WHAT THE TASK REQUIRES :: Leave the pictures out and print, word for word, the lines below from the one with "Maison vente à Limoges, Bussière-galant" through the final line.

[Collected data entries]
═══
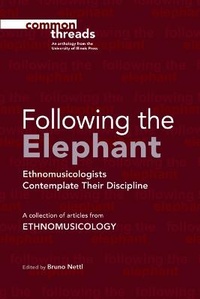 Abbildung von: Following the Elephant - University of Illinois Press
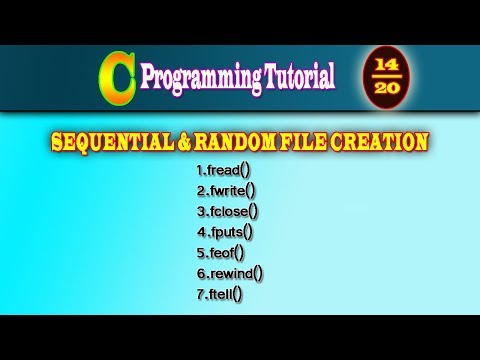 YouTube video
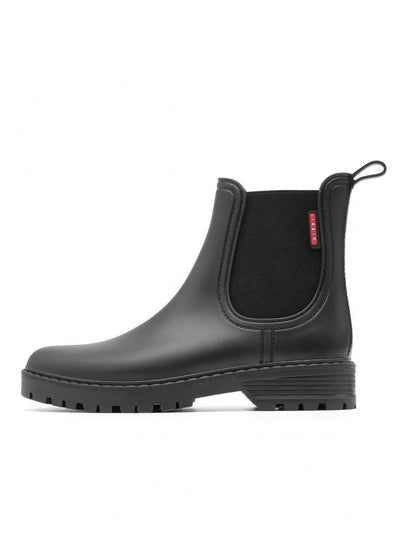 Megan | Waterproof Chelsea Boots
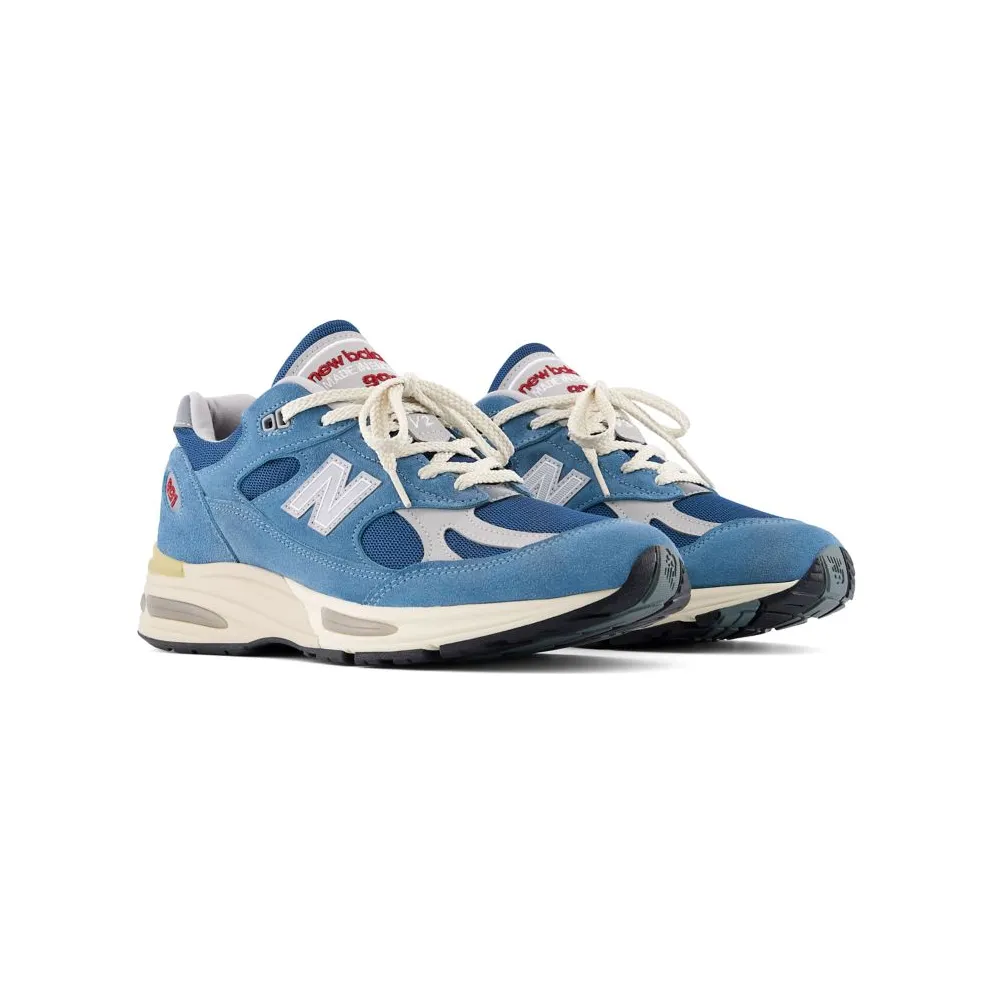 New Balance 991v2 – Vintage Sports – “Vintage Sports” (U991WS2)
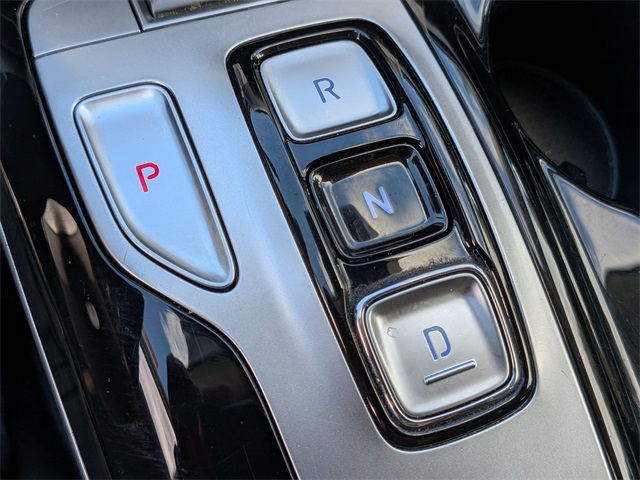 2024 Hyundai Tucson Limited Black at Superior Honda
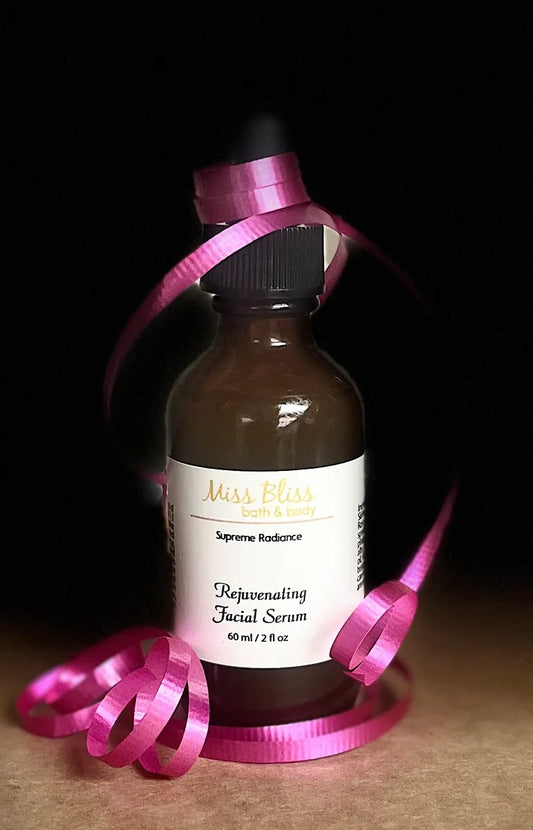 Rejuvenating Waterless Facial Serum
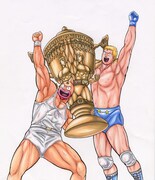 元祖「キン肉マン」が復活！最終話の続きから連載決定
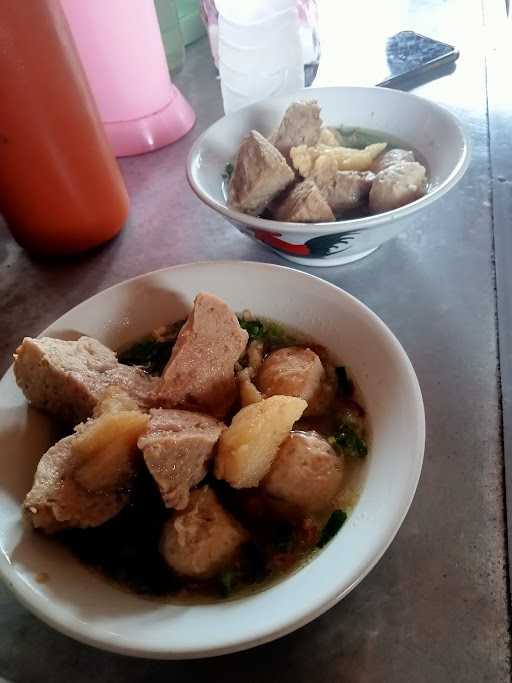 Warung Baso Mas Waluyo Asli Solo 3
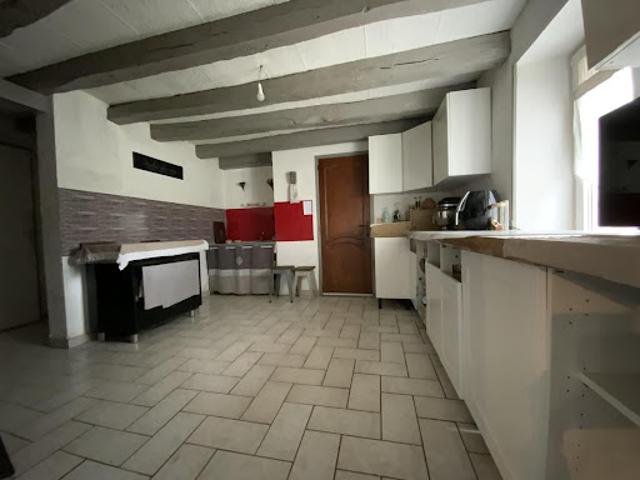 Maison vente à Limoges, Bussière-galant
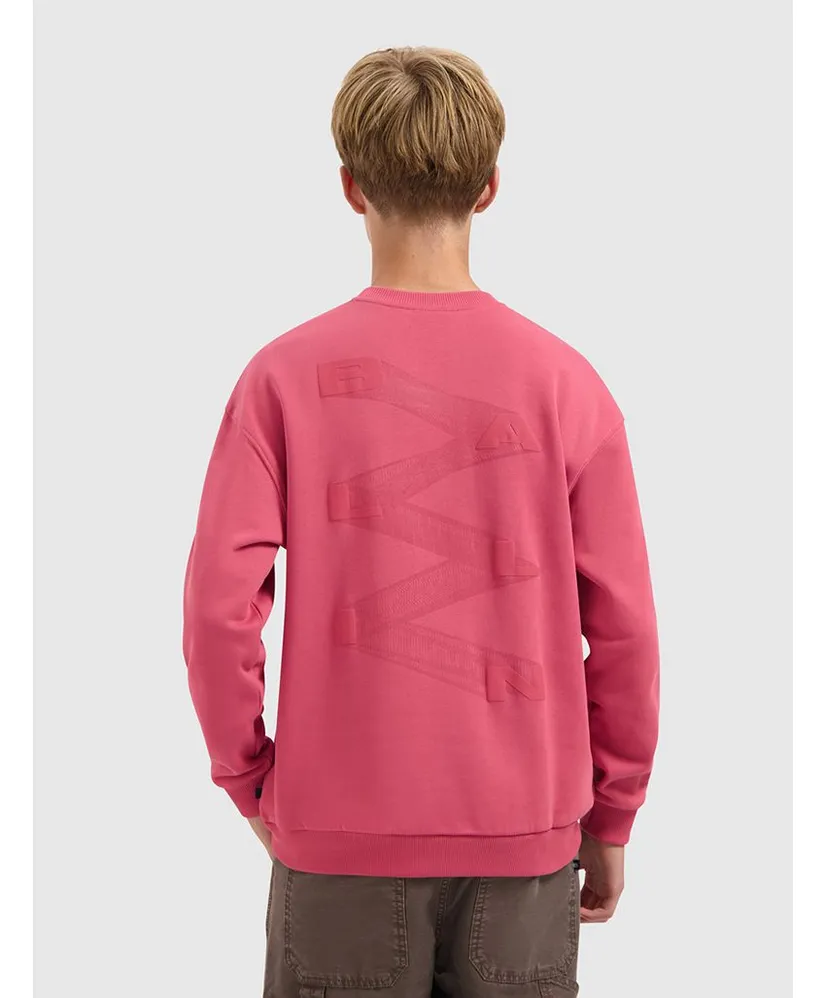 Ballin Amsterdam Sweater ZigZag Logo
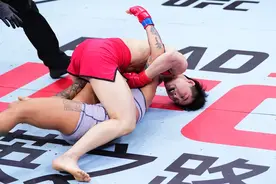 UFC精英之路第三季首轮举行 10名中国选手获胜图片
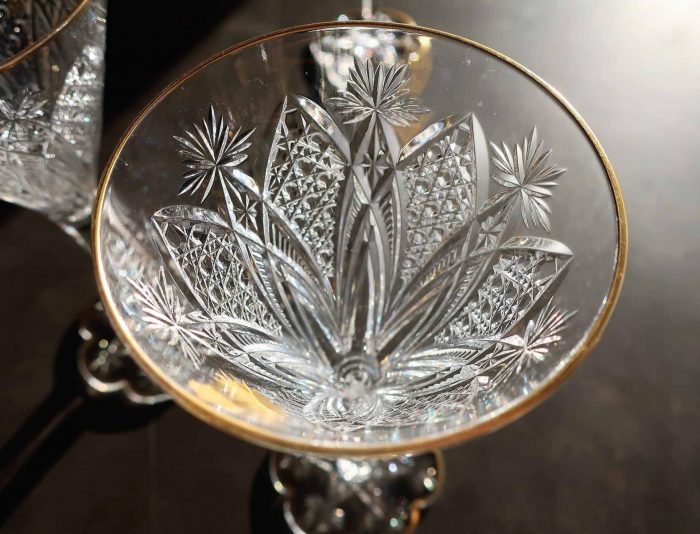 pha lê Baccarat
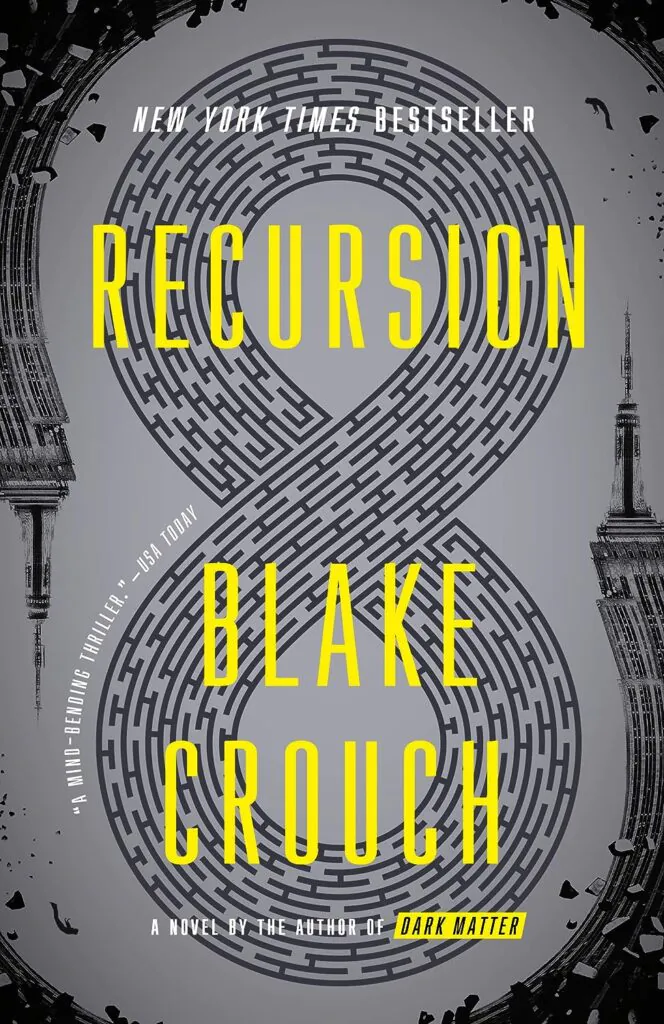 Recursion book cover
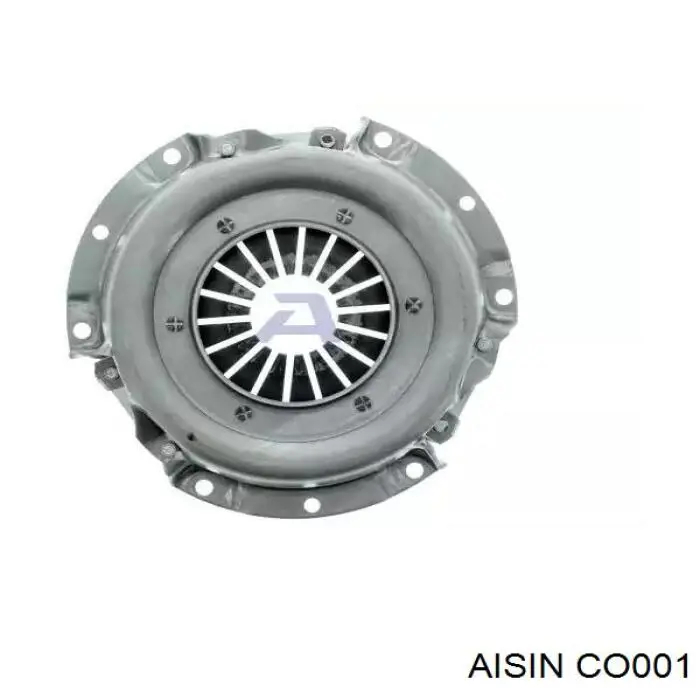 Купити CO001 Aisin Корзина зчеплення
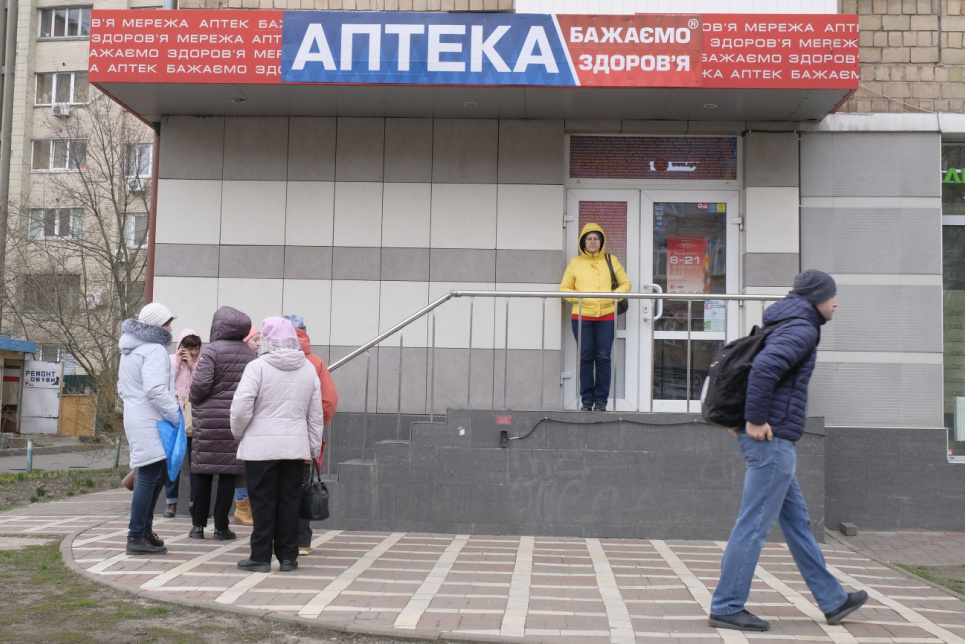 Кличко розповів про нових захворілих у Києві golos.ua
═══
WORKED SOLUTION ::
 Maison vente à Limoges, Bussière-galant
 Ballin Amsterdam Sweater ZigZag Logo
 UFC精英之路第三季首轮举行 10名中国选手获胜图片
 pha lê Baccarat
 Recursion book cover
 Купити CO001 Aisin Корзина зчеплення
 Кличко розповів про нових захворілих у Києві golos.ua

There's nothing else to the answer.